Gell spent much of the night talking about two women
who claimed Gell killed Allen Ray Jenkins in 1995 in
Bertie County. He talked about the prosecutors who
ultimately were issued warnings for their roles in
hiding statements from 17 witnesses who said they saw
the victim alive while Gell was in jail charged with
another crime. He discussed audiotapes in the
prosecutors' files that detailed the purported two
eyewitnesses talking about framing Gell.

And he talked about having hope throughout the entire
process that he would be acquitted in his first trial,
and then losing all hope when he was convicted.

"In the sentencing phase, I refused to help my
attorneys," he said. "I told them that if I spend the
rest of my life in prison for something I didn't do,
it's no different than being sentenced to death row
for something I didn't do.

"Being found guilty, that hurt more than getting the
death penalty."

Gell also discussed his disappointment in his appeals
lawyers until attorney Mary Pollard finally asked to
see the prosecutors' files, which ultimately led to a
new trial.

Since his release from prison in February 2004, Gell
has spent much of his time counseling young people
against drugs and speaking at events to decry capital
punishment.

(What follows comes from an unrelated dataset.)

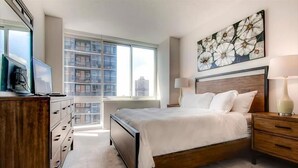 A modern hotel room with a large bed, a desk with a computer, a dresser, and a window with a city view. - Modern 1 Bedroom Apartments with Manhattan views (Jersey City)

He attends many of these meetings with
Charmaine Fuller, assistant director of the Carolina
Justice Policy Center.

"We're not trying to abolish the death penalty in
North Carolina — we know there are plenty of people in
North Carolina who still want the death penalty," she
said. "We want a temporary two-year halt for the state
to study what's going right and what's going wrong.

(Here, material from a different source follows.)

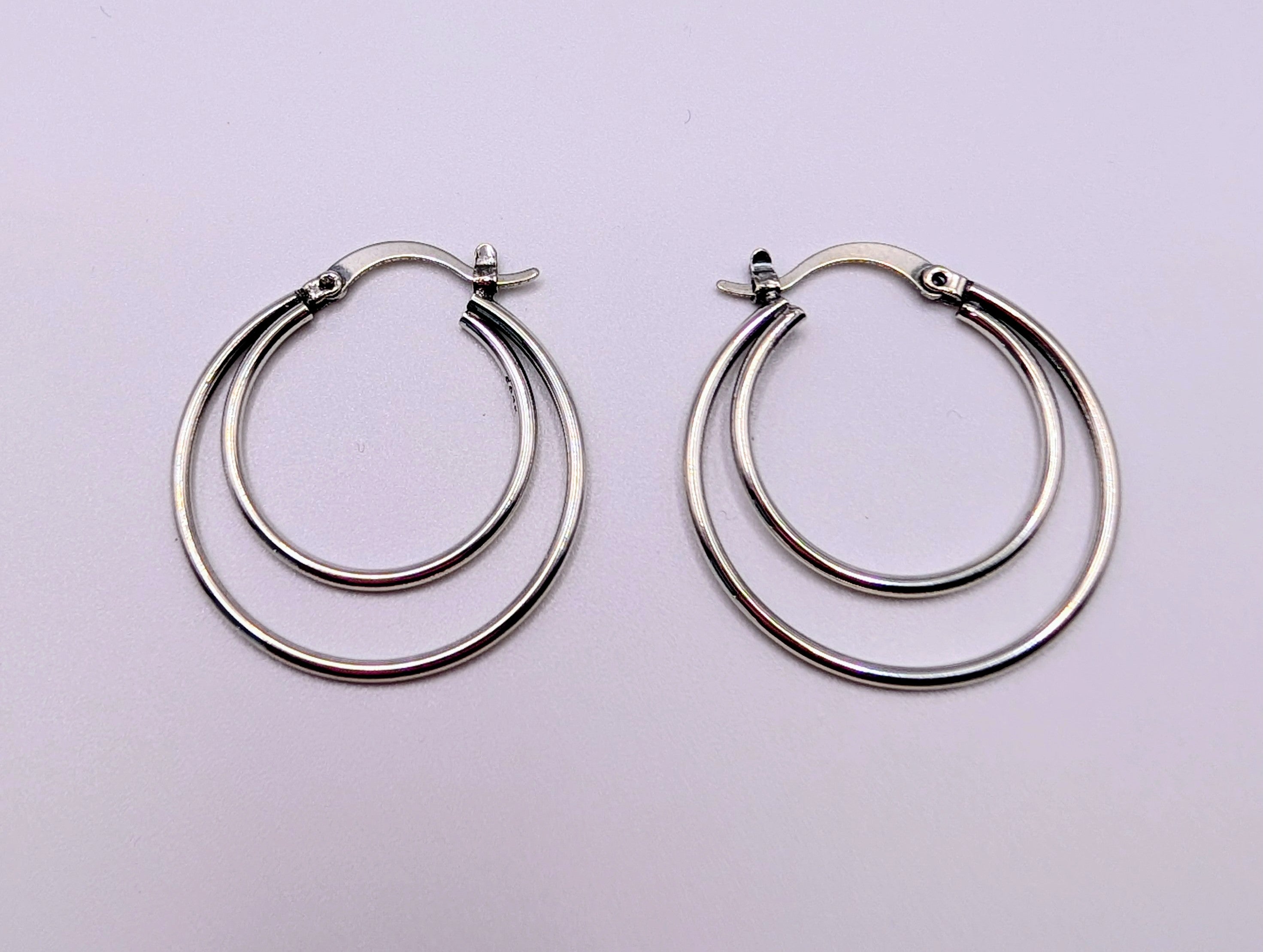 Back view of sterling silver double hoop earrings showing the stud-and-latch fastening.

"Apparently, there are flaws in the system, so don't
let anyone tell you that you don't need a moratorium
to do a study. That's a bluff and an insult, and you
shouldn't take that."

Tarboro Town Councilman Roland Clark said he supports
a moratorium, but he also believes in capital
punishment.

"If they kill someone, they should pay the price," he
said. "But something needs to be done so innocent
people are not sent to death row."

Gell said that in recent months, the state has made
strides in revamping the justice system by
implementing open-file discovery in capital cases and
raising the standards of death penalty defense
lawyers.

"But one thing I'm disappointed that they haven't done
is try to help those who have already been affected by
this system that's been running bad," he said. "But
not all prosecutors and lawyers in the system are bad.
There are a lot of prosecutors who do their job and
don't cheat to win."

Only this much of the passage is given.